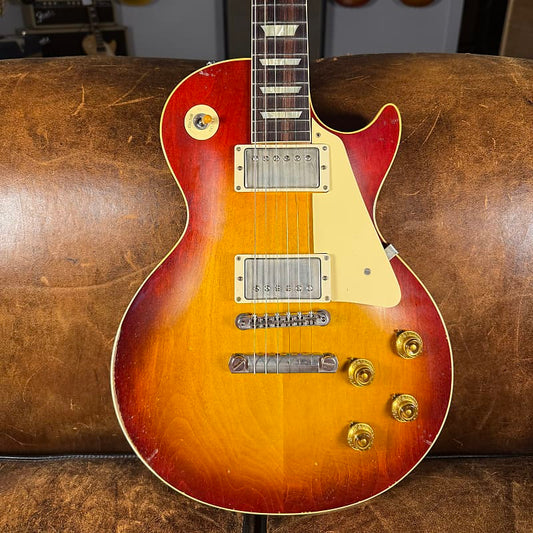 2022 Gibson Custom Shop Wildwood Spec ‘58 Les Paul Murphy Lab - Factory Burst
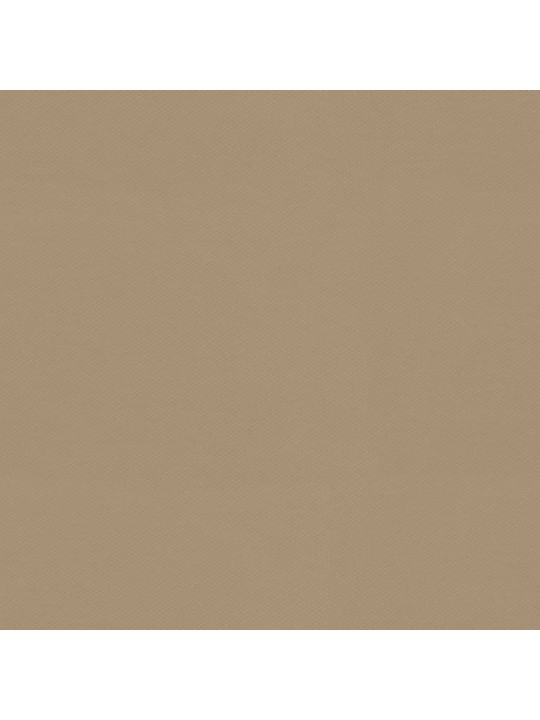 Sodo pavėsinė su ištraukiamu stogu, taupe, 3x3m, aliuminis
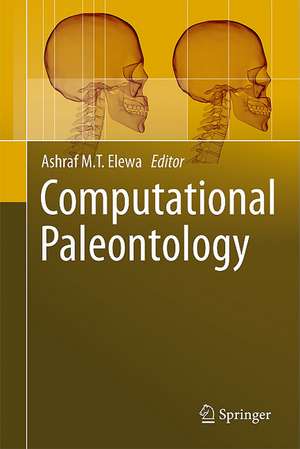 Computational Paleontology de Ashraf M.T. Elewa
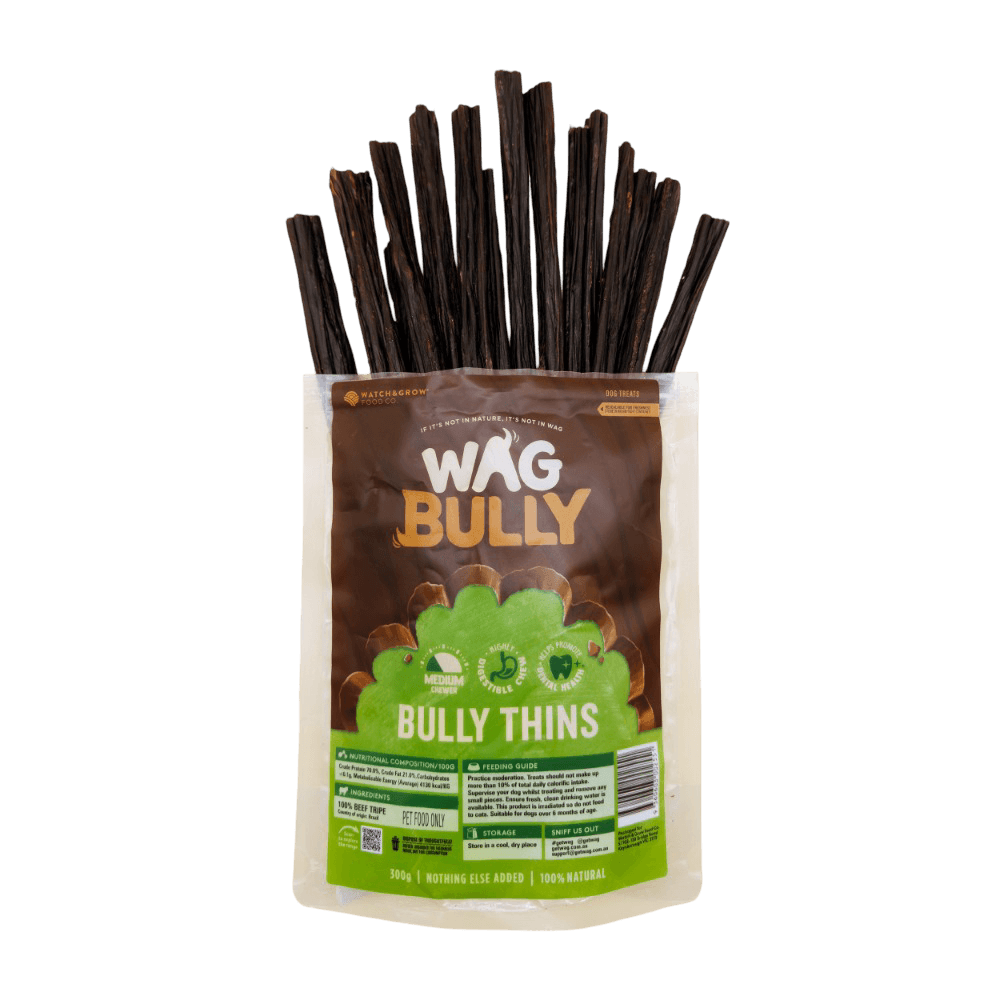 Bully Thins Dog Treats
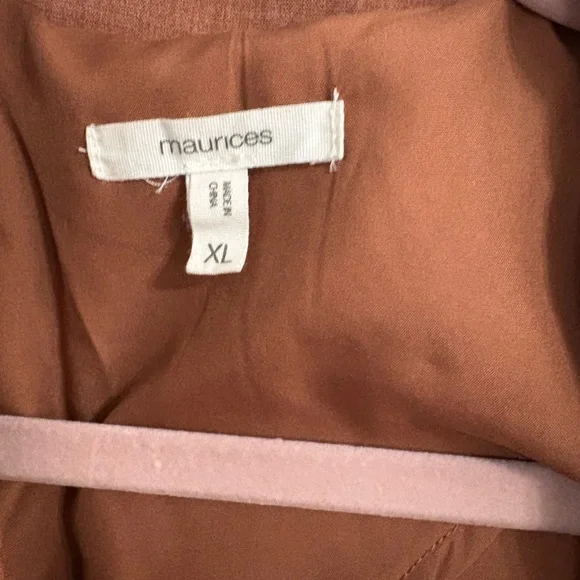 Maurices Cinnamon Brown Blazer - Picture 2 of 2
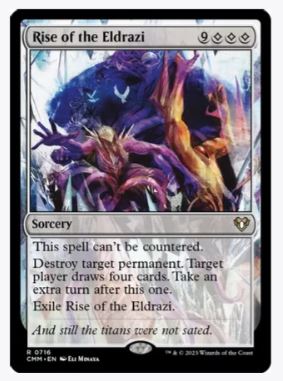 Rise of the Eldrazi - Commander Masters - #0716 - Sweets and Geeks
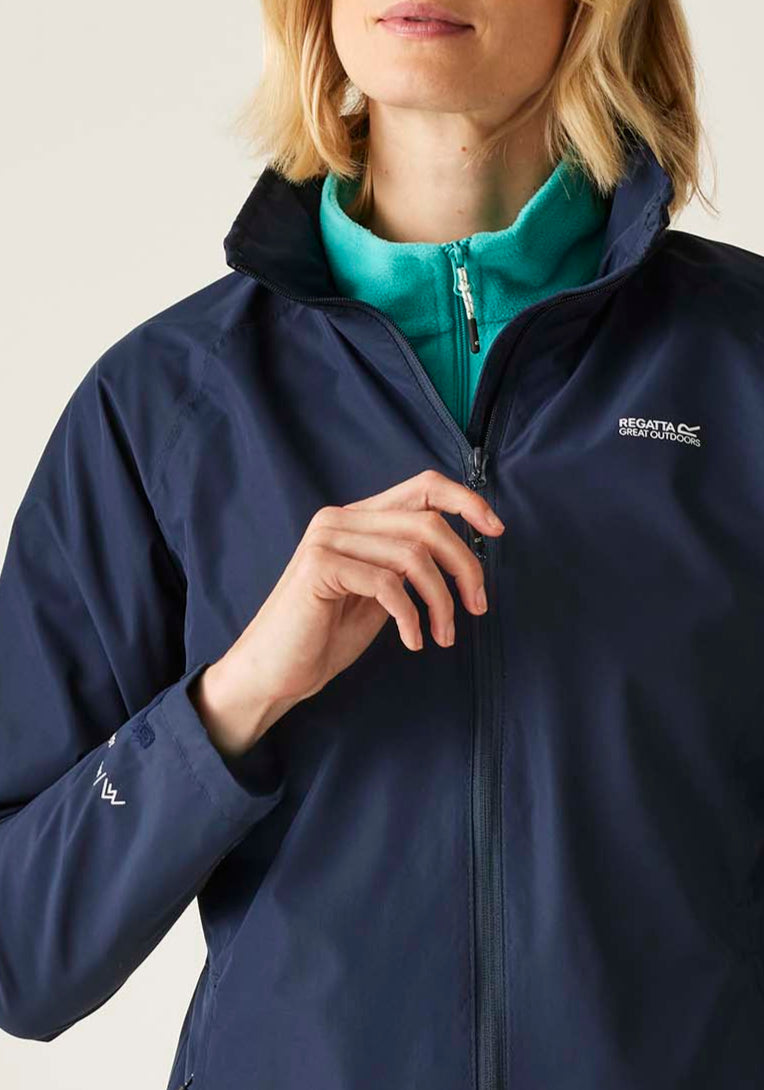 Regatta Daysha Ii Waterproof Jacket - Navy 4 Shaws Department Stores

--

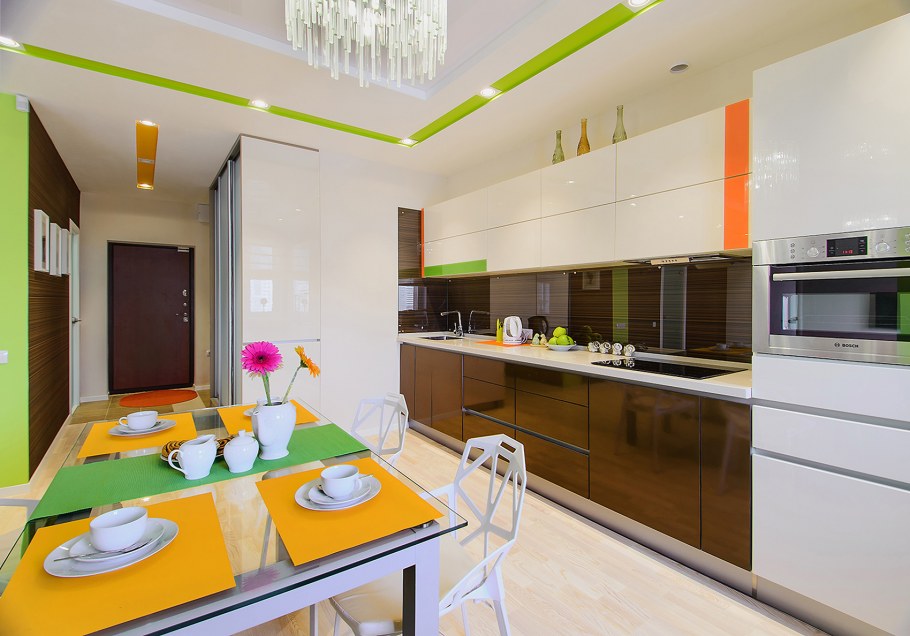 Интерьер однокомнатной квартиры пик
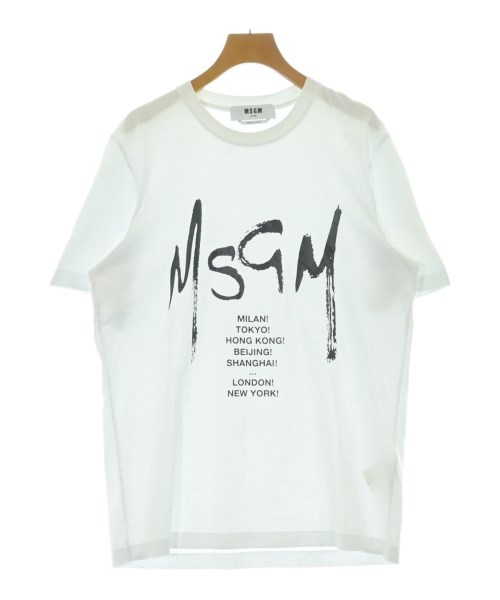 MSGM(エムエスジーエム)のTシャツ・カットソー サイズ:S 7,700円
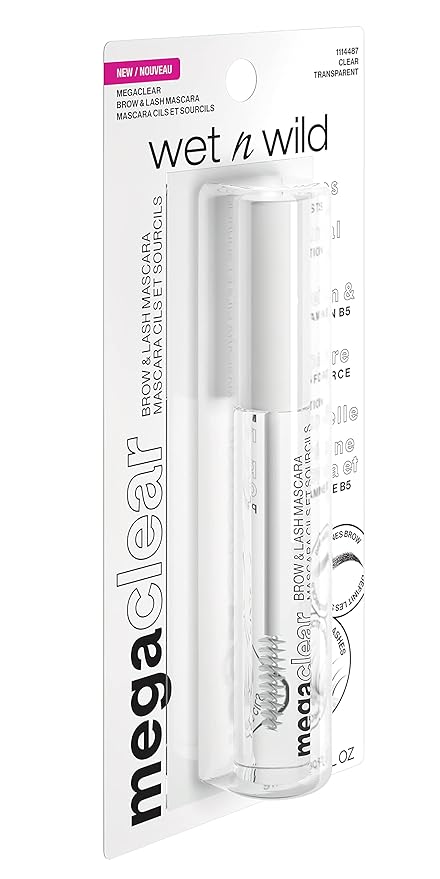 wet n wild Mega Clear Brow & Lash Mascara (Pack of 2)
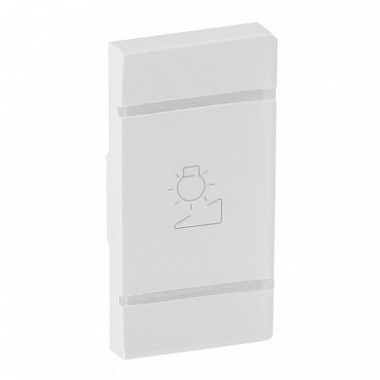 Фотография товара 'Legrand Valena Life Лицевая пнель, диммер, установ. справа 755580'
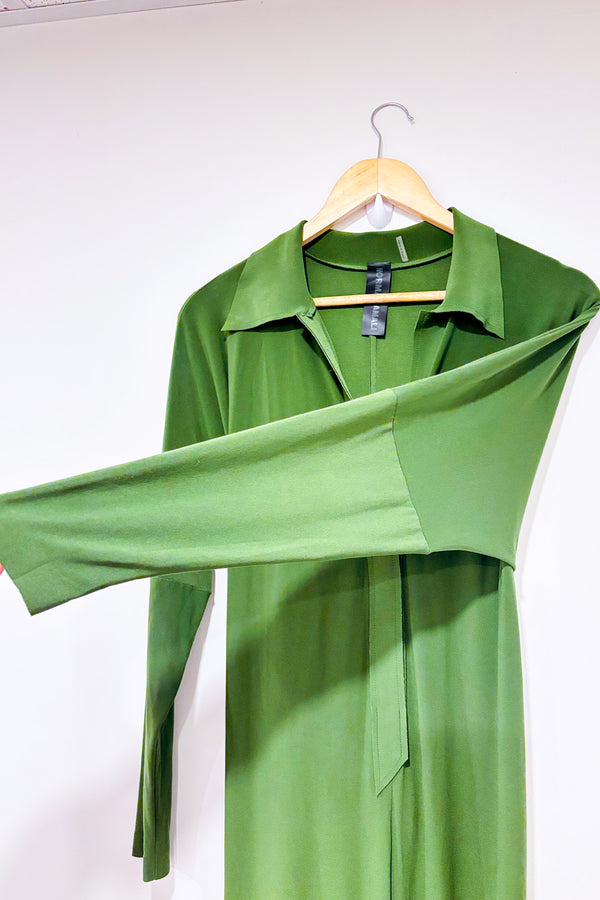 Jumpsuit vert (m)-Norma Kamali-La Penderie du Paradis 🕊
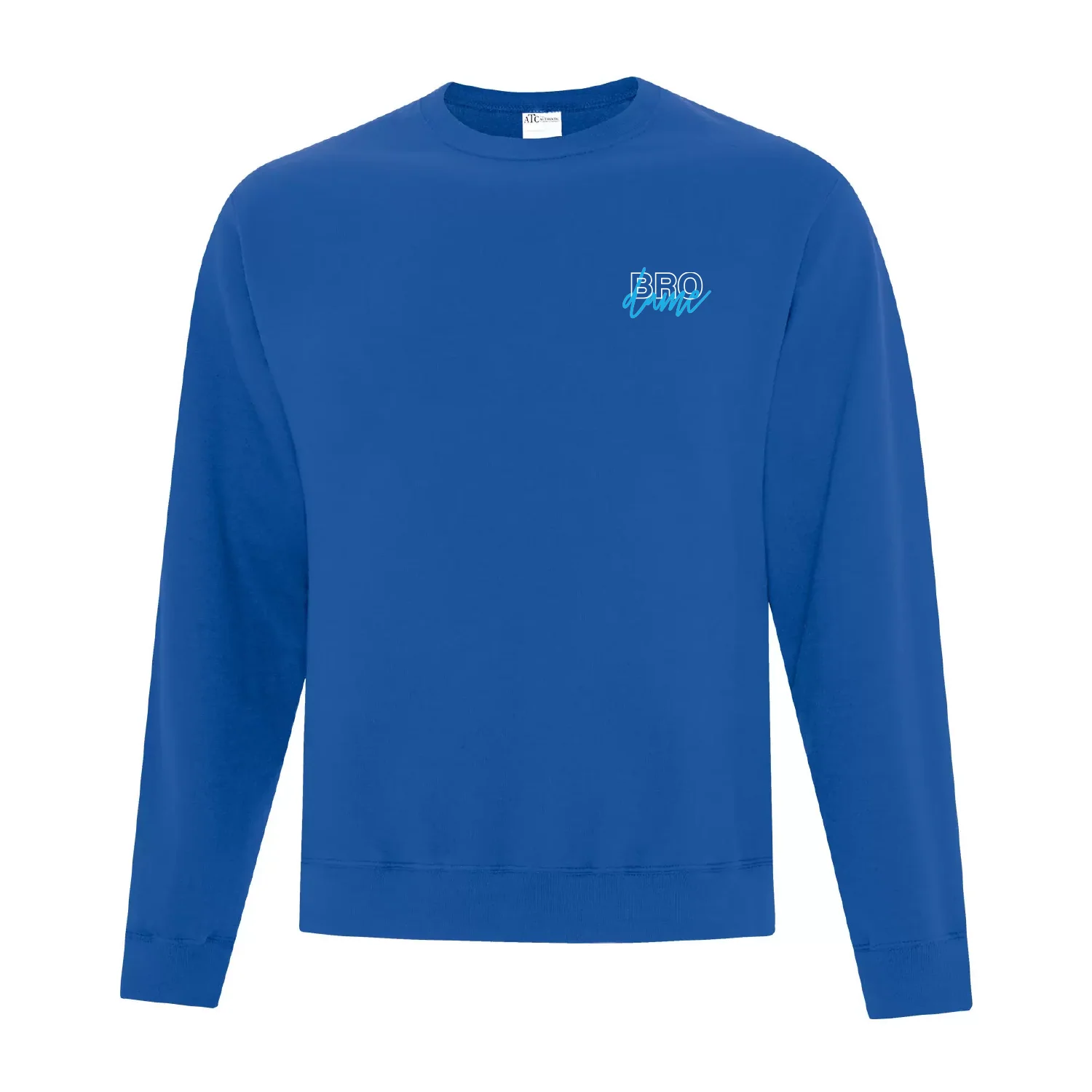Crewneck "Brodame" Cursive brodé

---

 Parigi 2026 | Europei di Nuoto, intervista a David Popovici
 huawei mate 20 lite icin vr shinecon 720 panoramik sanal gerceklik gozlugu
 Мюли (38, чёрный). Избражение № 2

Problem requirements –
An exact copy is needed of the stretch above that opens with the line containing "2022 Gibson Custom" and closes with the line containing "Regatta Daysha Ii"; the pictures are not part of it.

Task answer –
 2022 Gibson Custom Shop Wildwood Spec ‘58 Les Paul Murphy Lab - Factory Burst
 Sodo pavėsinė su ištraukiamu stogu, taupe, 3x3m, aliuminis
 Computational Paleontology de Ashraf M.T. Elewa
 Bully Thins Dog Treats
 Maurices Cinnamon Brown Blazer - Picture 2 of 2
 Rise of the Eldrazi - Commander Masters - #0716 - Sweets and Geeks
 Regatta Daysha Ii Waterproof Jacket - Navy 4 Shaws Department Stores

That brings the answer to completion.